Dr Paul Donovan, a university lecturer at Maynooth University who also utilizes flipped learning has stopped using PowerPoint in teaching completely. He has reconnected with his other teaching skills as a result.

"In my classes, PowerPoint was getting in the way of better student education, so I banned it. Classes without PowerPoint are more effective, but they require more work. Now I spend more time designing sessions. Going without slides has forced me to go back to my tools: the tools of the teacher."



Death by PowerPoint

If you have not experienced this phenomena, you should be commended and elevated to a social status us mere mortals could not hope to achieve.

The phrase has its own urban dictionary entry and is a blight in training sessions and boardrooms all over the world.

Matthias Poehm, author of "The PowerPoint Fallacy: Still Presenting or Already Fascinating?" writes, "95% of all presentations today are given using a projector and PowerPoint. Yet what some people consider to be professional often completely destroys the effect on the audience. PowerPoint does not make for entertainment but rather for boredom. That is due to the fundamental concept of PowerPoint, not to how it is used!"

The implication is that PowerPoint's design inevitably draws the presenter into a less engaging process than other forms of presenting. Adding full notes as slides, repeating exactly what is on the presentation and the dreaded bullet points!

Why use VideoScribe instead of PowerPoint?

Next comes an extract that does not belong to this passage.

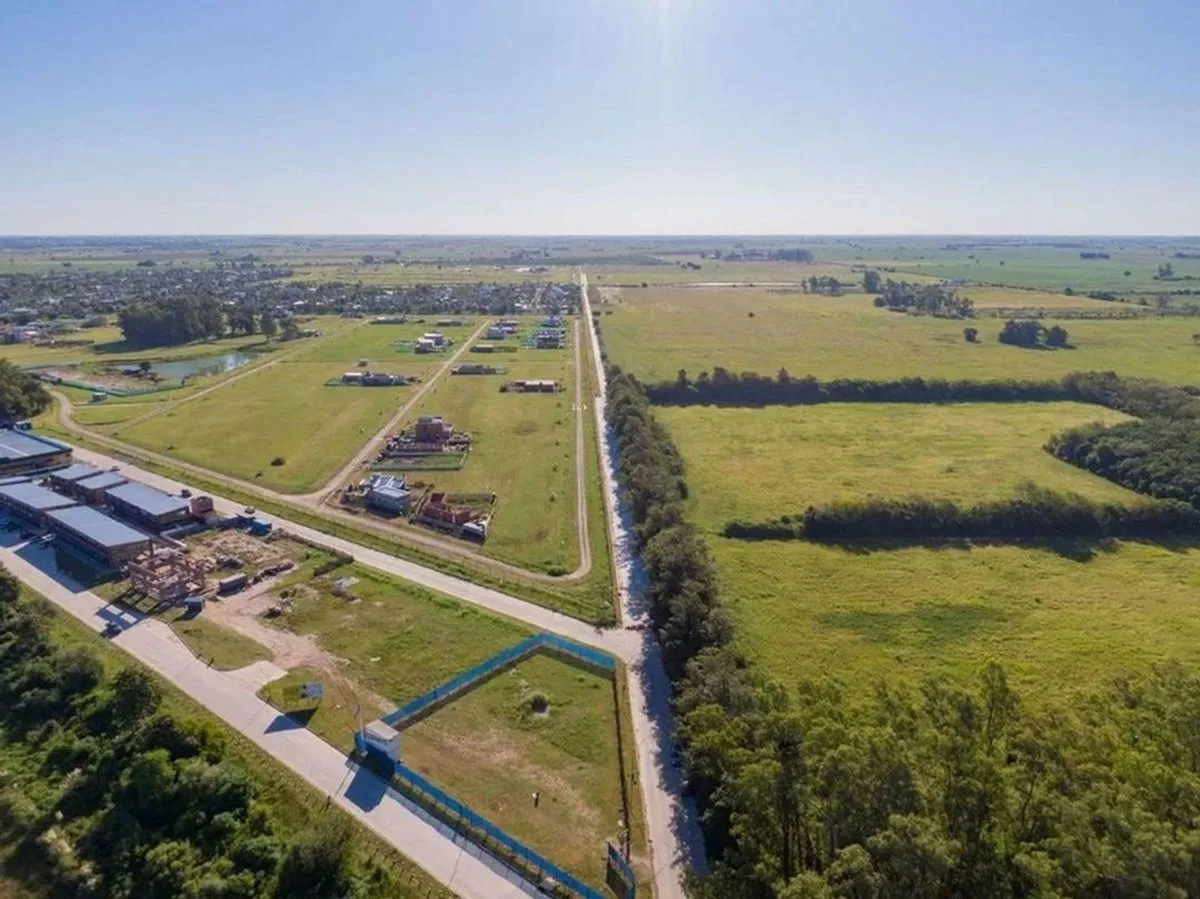 New Airs Lot for Sale, Neighborhood 6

The process of taking a script or speech and turning it into a visual presentation enables a real focus on the content of the message. Research shows that 70% of learning is attained visually, so making the visual element engaging and relevant is important.

Rather than trying to break down a script into slides or bullet points, the emphasis is on the original content and finding ways to enhance rather than to recreate it to fit a tool.

Videos are easier to transport to other platforms. Sharing a video is much easier than sharing a PPT. Platforms like YouTube mean that your presentations can reach a global audience quickly without the need of the correct software. You simply press play and away you go.

VideoScribe helps the presenter focus on the design of the presentation, enriching it and controlling where the focus should be. People will compelled to see what is drawn next with voice and audio keeping the flow of the message.